Demographics of Patient Encounters
The average age of all patient encounters for the entire cohort was 12.27 ± 6.74 years. Sixty-two were males and 48 were females. When the cohort was divided by gender, the male group was younger (males, 11.10 ± 6.77 years versus females, 14.11 ± 6.36 years). This gender difference disappeared when the encounters were divided into device and noncardiac device groups, with the ages being almost identical. This was in contrast to the 3 male patients who had the AEs whose average age was 13.36 ± 1.92 years (Table 1).
The AE incidence was 2.63% for the entire cohort, increasing to 4.35% if the device group was excluded. Upon analysis of the entire cohort, 86.84% of the patient encounters involved exposure to volatile anesthetics, with 29.13% having desflurane, 48.54% having isoflurane, and 22.33% having sevoflurane for maintenance of anesthesia. The 2 definite AEs occurred with exposure to isoflurane in 1 patient, and desflurane in the other. The 1 probable AE occurred in a patient with exposure to isoflurane. There were no AEs in the patients who received propofol anesthesia or the 1 patient who received IV sedation aided by 3% mepivacaine infiltration (Table 3).
The AE occurred at the time of emergence from general anesthesia. Volatile anesthetic concentrations were <0.25 MAC in all 3 patients. The AE occurred in close proximity to the administration of IV drugs for reversal of neuromuscular blockade (i.e., anticholinesterase/anticholinergic drug combination) and the antiemetic, ondansetron. The AE occurred exclusively in the group that received both reversal drugs and ondansetron with an in-group incidence of 5.9%. The remaining patients received no reversal drugs, reversal alone, or ondansetron alone. There were no AEs in these encounters (Table 4).

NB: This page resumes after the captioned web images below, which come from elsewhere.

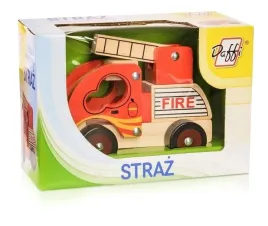 drewniane-auto-straz-pozarna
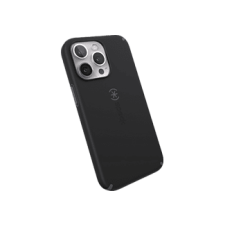 SPECK CandyShell Pro iPhone 13 tok, fekete (141933-B565) tok és táska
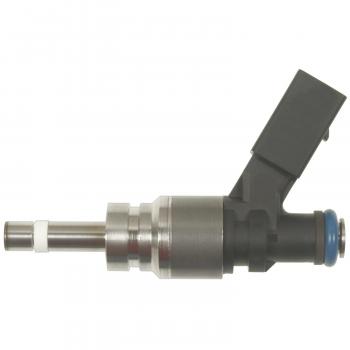 BWD 67648 Fuel Injector product image 3 of 9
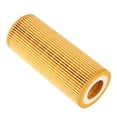 thumbnail image 4 of Filtro de aceite para, Filtro de aceite de motor de repuesto Filtro de aceite de motor Porsche Rendimiento confiable, 4 of 9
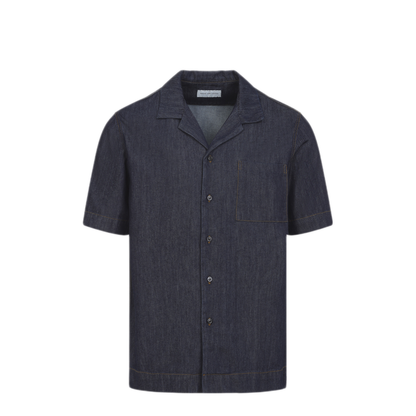 Carltone Shirt - Image 1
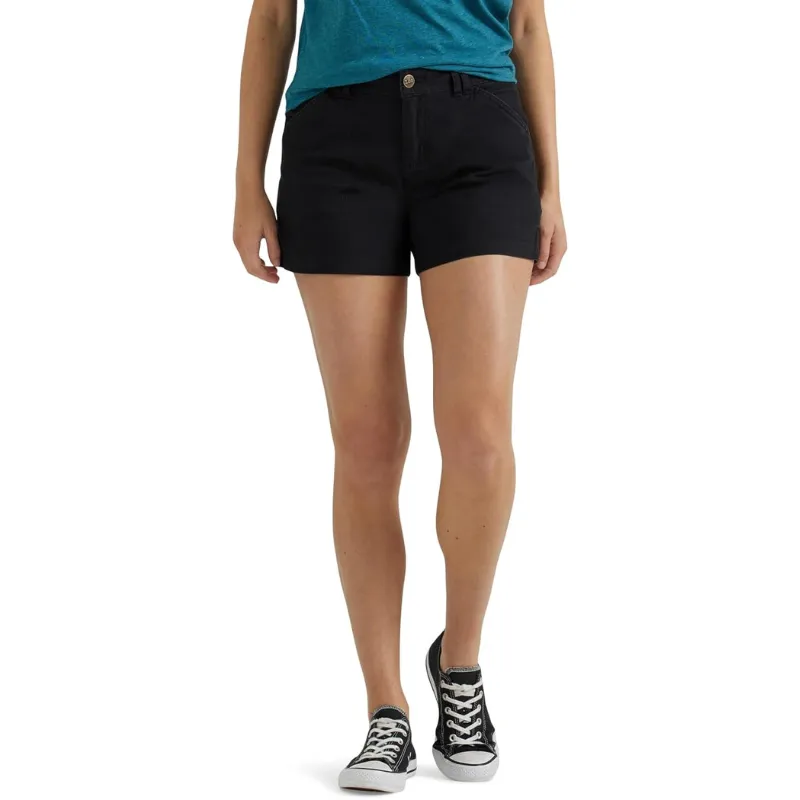 Carpenter Shorts Everyday Wear –  Shorts for Work and Play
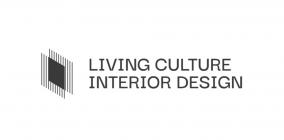 LivingCultureInteriorDesignLogo.jpg
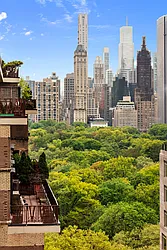 30 West 63rd Street #19CD image 1 of 19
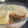 El cooksnap de zeldacm cuando hizo Vasitos de Lima y queso.
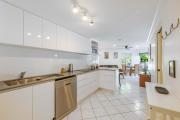 Top Port Douglas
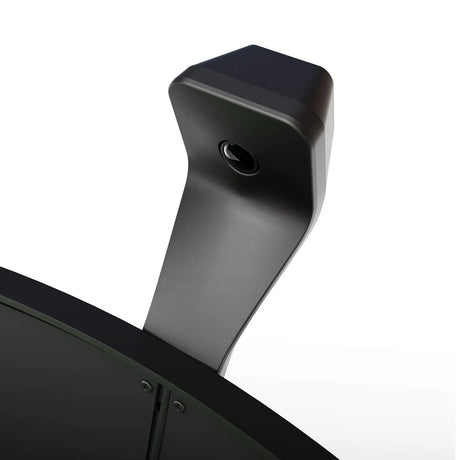 Scolia Home 2 Automatic Scoring System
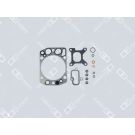 OE Germany Dichtungssatz, Zylinderkopf 02 3004 280001
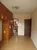 Apartamento, 3 quartos, 122 m² - Foto 13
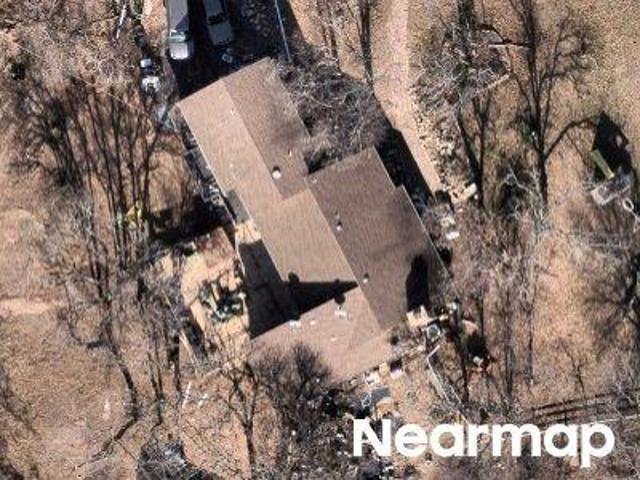 House for sale in Edmond, Oklahoma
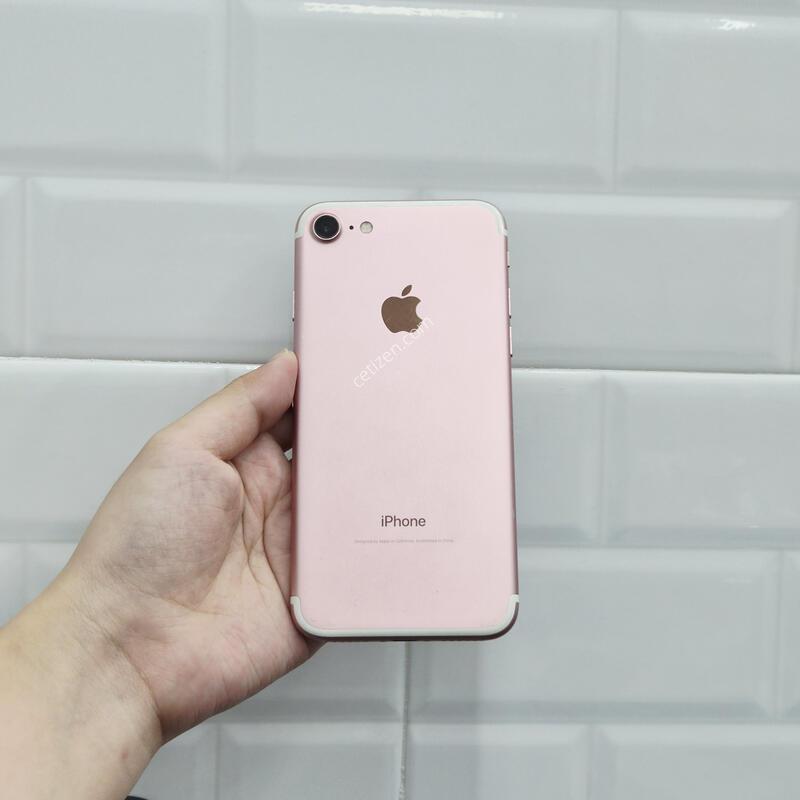 ������7 ��ũ��� 32GB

Crossover Between Cohort Groups
A number of patients had >1 anesthetic encounter with 5 patients having anesthetic encounters in both the device group and the noncardiac device group. Twenty-three patients had multiple anesthetics in each of their respective groups. Interestingly, only patient 2 of the 3 who had AEs had 3 separate anesthetic encounters over an 8.5-month period. The first encounter was the AE described. The second and third encounters involved open reduction and internal fixation of a right-sided radius and ulnar fracture followed 3 months later by removal of hardware. In the second encounter, anesthesia was maintained with isoflurane and the patient received reversal at the end of the case without ondansetron. The third encounter comprised sevoflurane maintenance via a laryngeal mask airway without use of reversal drugs or ondansetron. In both of these encounters, there were no reported AEs.
Of the 102 encounters with full anesthesia data, there were 52 admissions and 50 discharges from the postanesthesia care unit with no documented AEs in the recovery unit. The 3 patients who had AEs were admitted to the postoperative cardiac recovery area with telemetry monitoring, but were discharged 24 hours later with no further events.
AEs occurred in 3 of 76 patients. All 3 patients were taking prophylactic β-adrenergic blocking medications before admission and had received their β-blocker before the surgical procedure. The patients were treated effectively, monitored overnight in the cardiac recovery unit, and discharged from hospital the next day (Table 5).
The event incidence was 2.63% for the entire cohort and occurred in males exposed to volatile anesthetics having surgical procedures other than pacemaker or implantable cardioverter defibrillator placement. The 2 definite AEs occurred in the presence of isoflurane in 1 patient and desflurane in the other during emergence from anesthesia. The 1 possible AE occurred in the presence of isoflurane. There were no AEs in the 10 patients who received only TIVA with propofol, or the 1 patient who received IV sedation aided by 3% mepivacaine infiltration (Table 5).
The AE occurred during withdrawal of volatile anesthetic while emerging from general anesthesia. Volatile anesthetic concentrations at the time of the AE were at near-awake levels (MAC <0.25) in all 3 patients. IV drugs for reversal of neuromuscular blockade (i.e., anticholinesterase/anticholinergic drug combination) and ondansetron were administered at this time. The AE occurred exclusively in the group that received both reversal drugs and ondansetron. The remaining patients received no reversal drugs, reversal alone, or ondansetron alone. There were no AEs in these encounters (Table 4).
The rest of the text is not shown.